Tsipras said that Mitsotakis cannot “hide behind the finger” of Dimitriadis.
“You are being accused of undermining the operation of the democratic form of government. You speak of immorality when you are accountable and accused of surveillance of your political opponents,” SYRIZA’s leader said.
“This is not a political mistake. It is a criminally punishable act when the surveillance concerns an elected representative of the Greek people. It is all the more inconceivable to invoke legality or a semblance of legality when the case concerns the elected leader of a political party,” he underlined.
“For three-and-a-half years, you have been building a regime by using every possible measure to cling to power,” he said.
‘The burglar shouts to scare the homeowner’
Tsipras used a Greek adage to argue that the government is making a fuss in order to disorient public opinion from its alleged crime.

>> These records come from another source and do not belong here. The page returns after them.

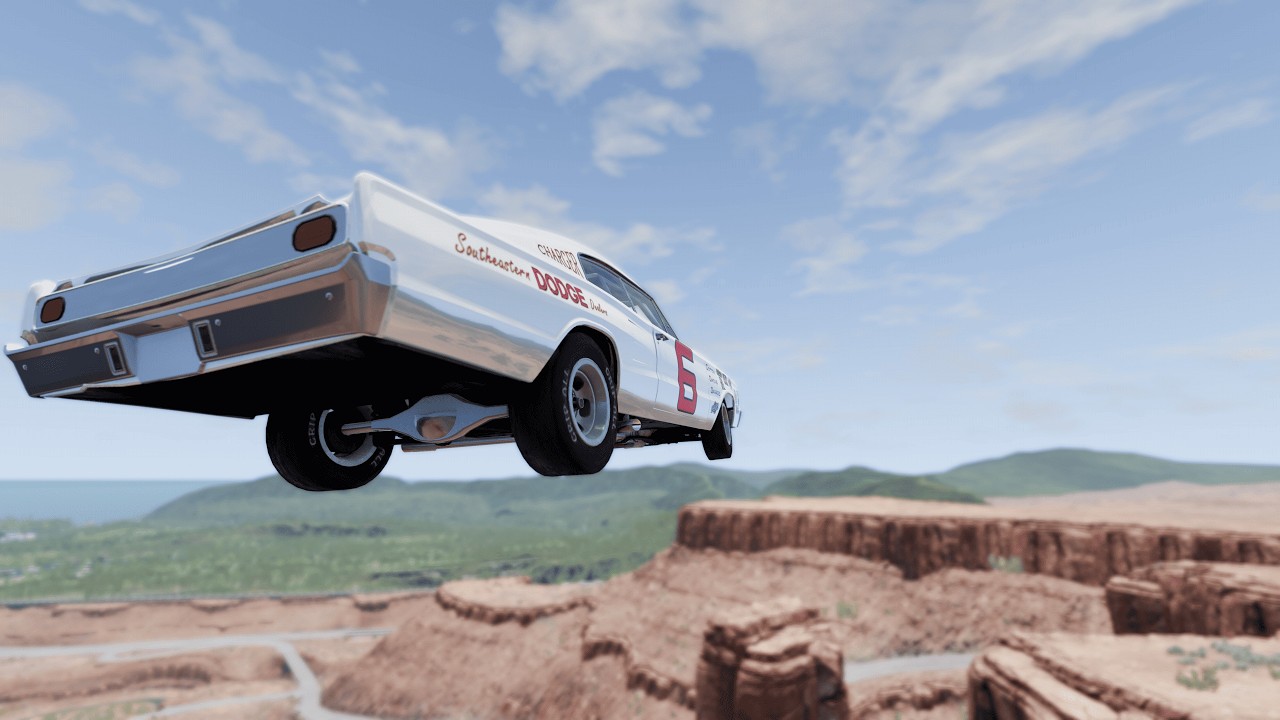 Realistic very Crash Physics | Epic High Speed Car Jumps #020 | BeamNG.drive #beamngdrive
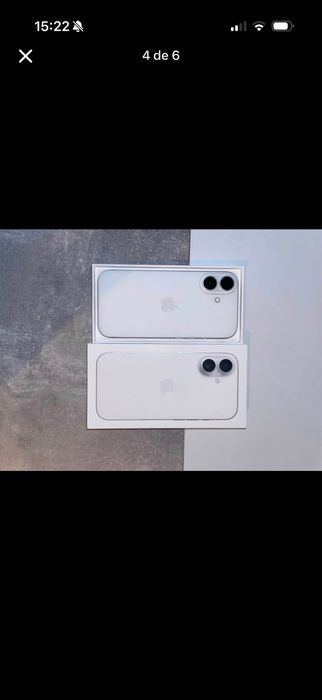 Aifone 17 como novo  256 g  e capas e carregador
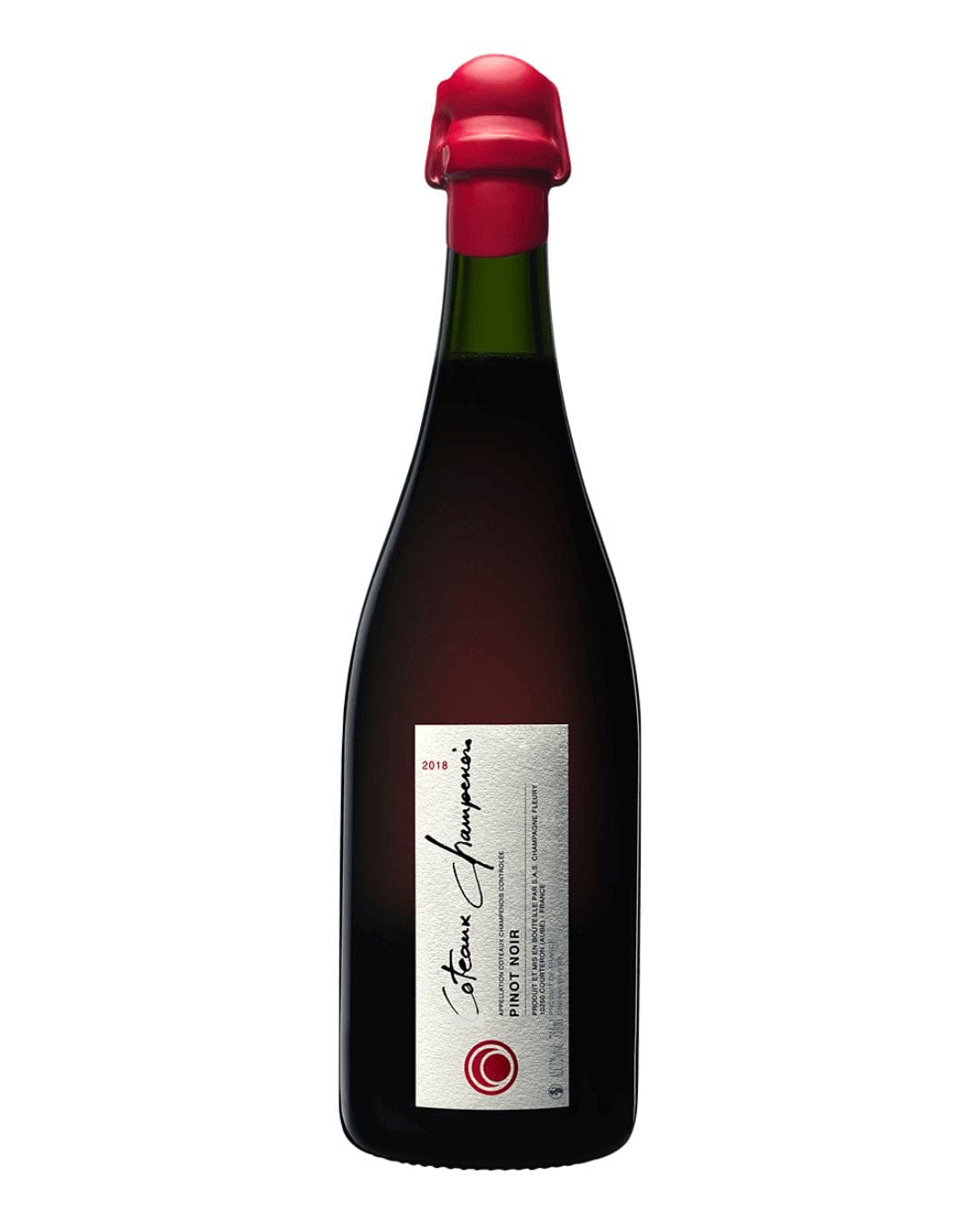 Shop Champagne Fleury Champagne Fleury Coteaux Champenois Rouge Pinot Noir 2018 online at PENTICTON artisanal French wine store in Hong Kong. Discover other French wines, promotions, workshops and featured offers at pentictonpacific.com 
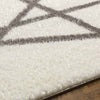 Briarwood Modern Ivory Area Rug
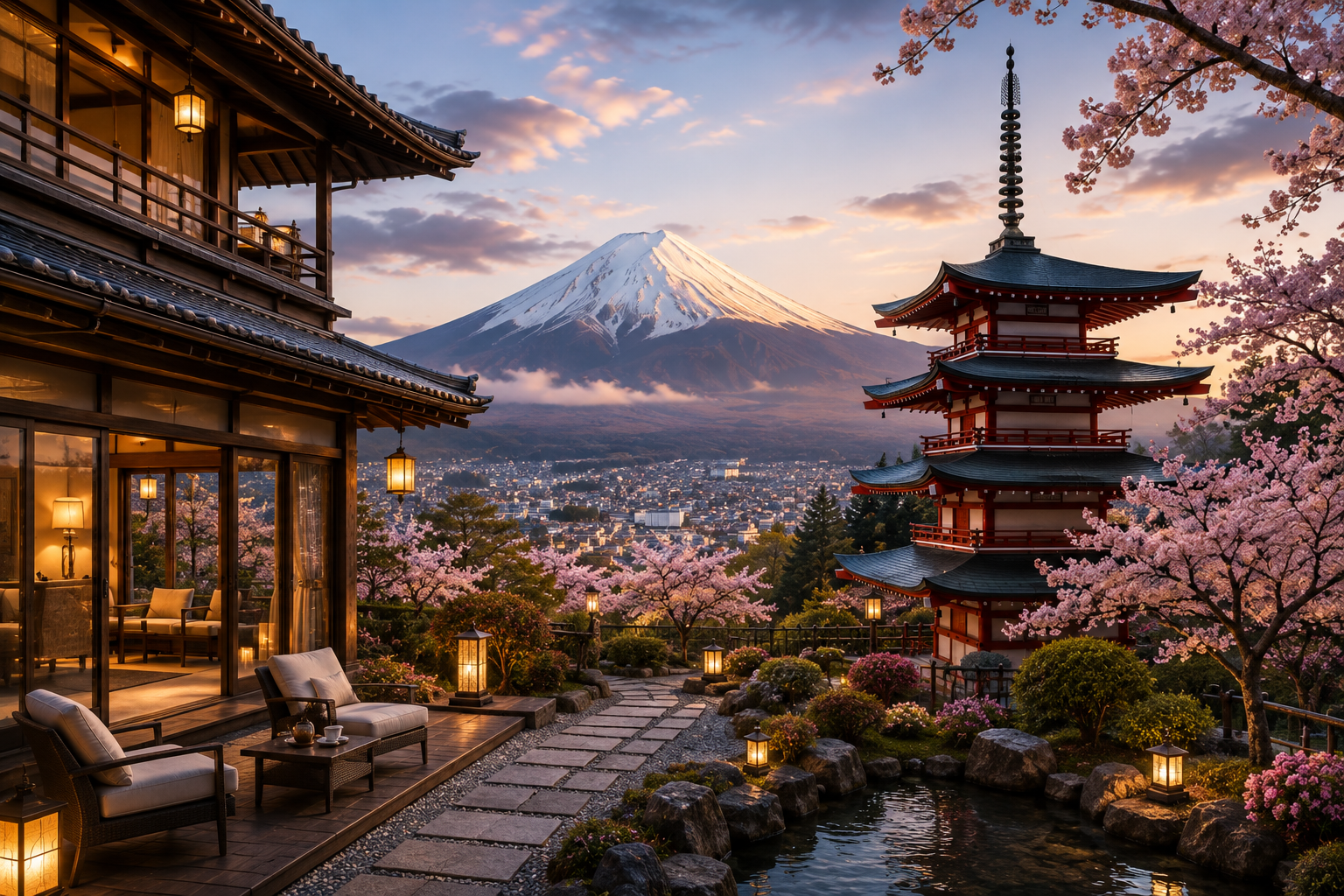 Japan Discovery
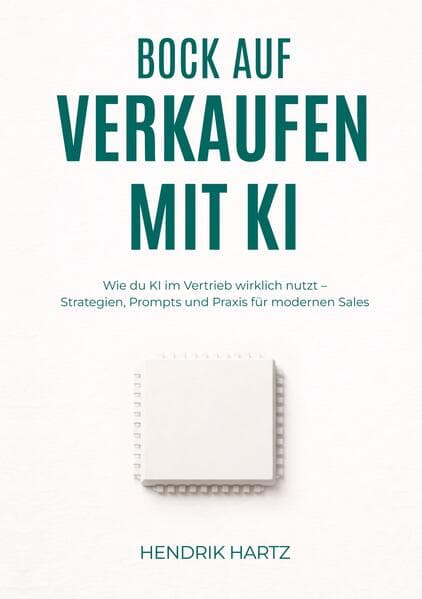 Bock auf Verkaufen mit KI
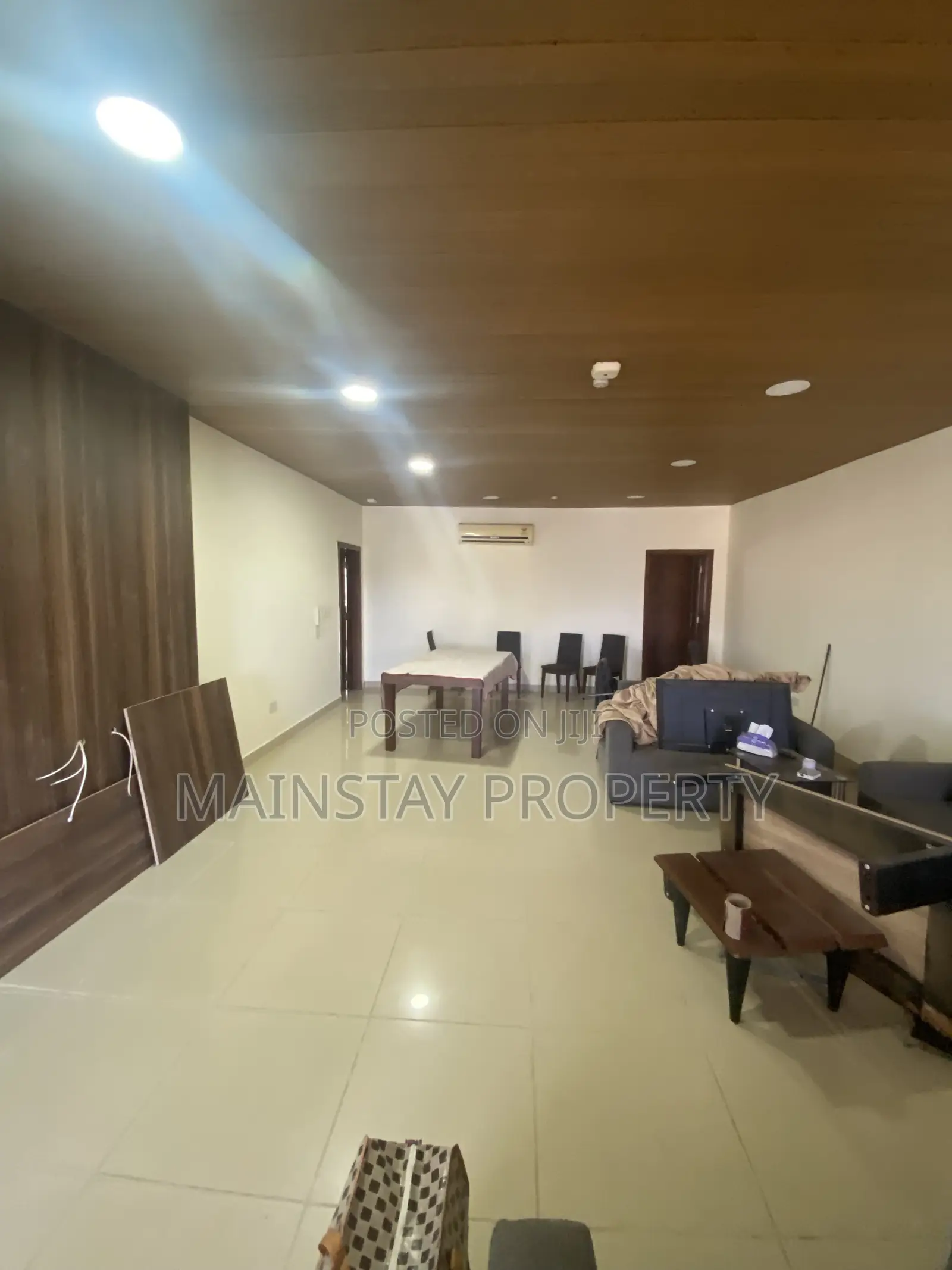 Furnished 3bdrm Apartment in Mainstay Estates, East Legon for rent
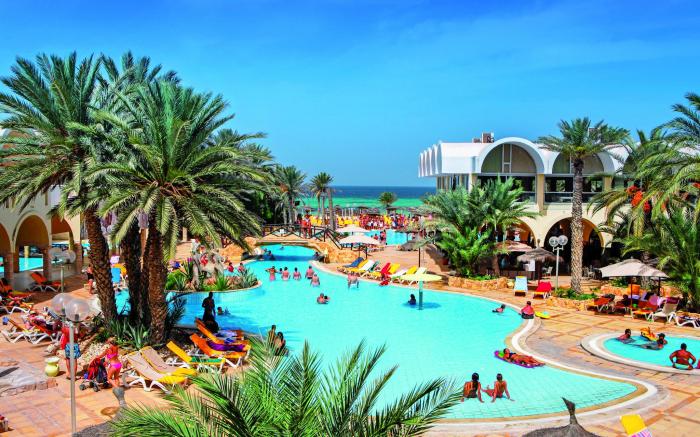 Monarque Dar Jerba Narjess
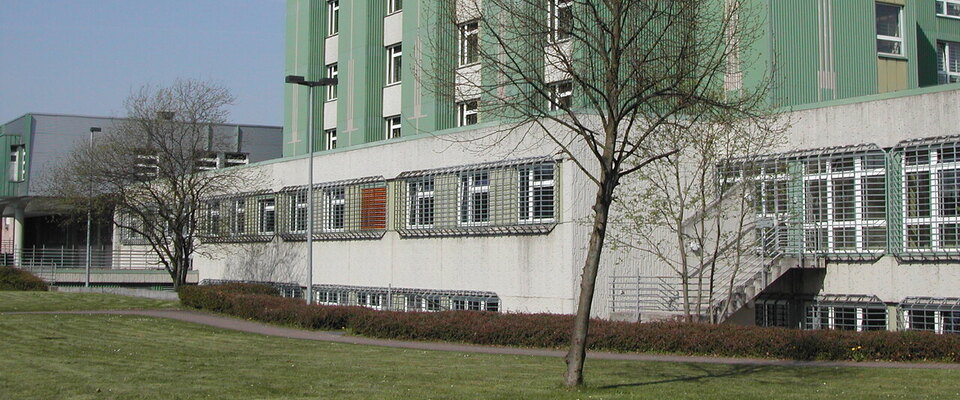 Justizvollzugskrankenhaus Fröndenberg
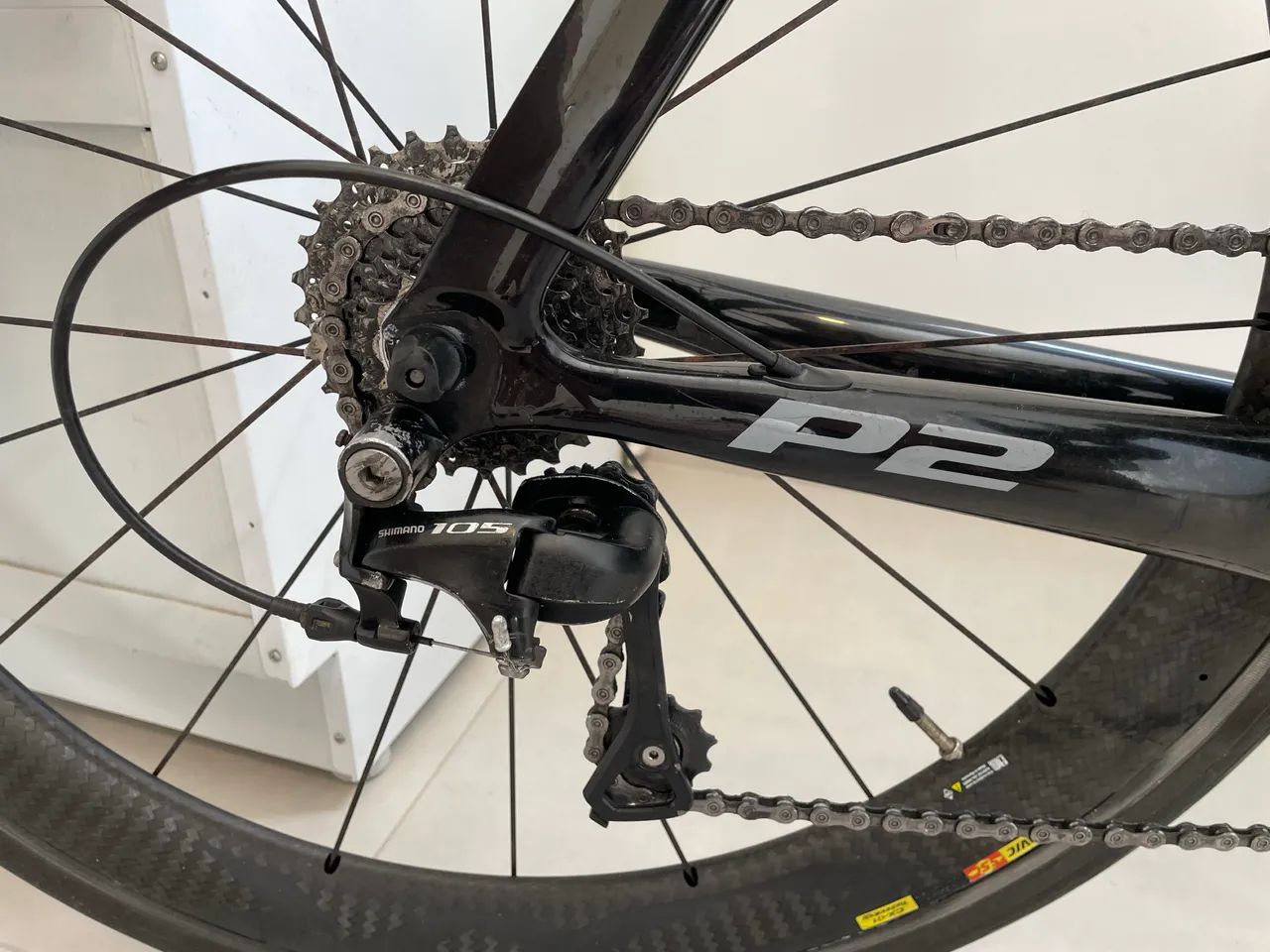 Cervélo P2 54 - Foto 5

“Our people say the burglar shouts to scare the homeowner,” he said. Here, however, no one will be scared, because you are the accused in a case involving an institutional aberration and the undermining of the democratic form of government.”
“How can you possibly maintain that a prime minister can conduct surveillance for reasons of national security? Who will judge those reasons, he and his close associates?” Tsipras asked the PM.
“Give us an answer. What was the reason? Was he an agent or a spy or a danger to national interests?”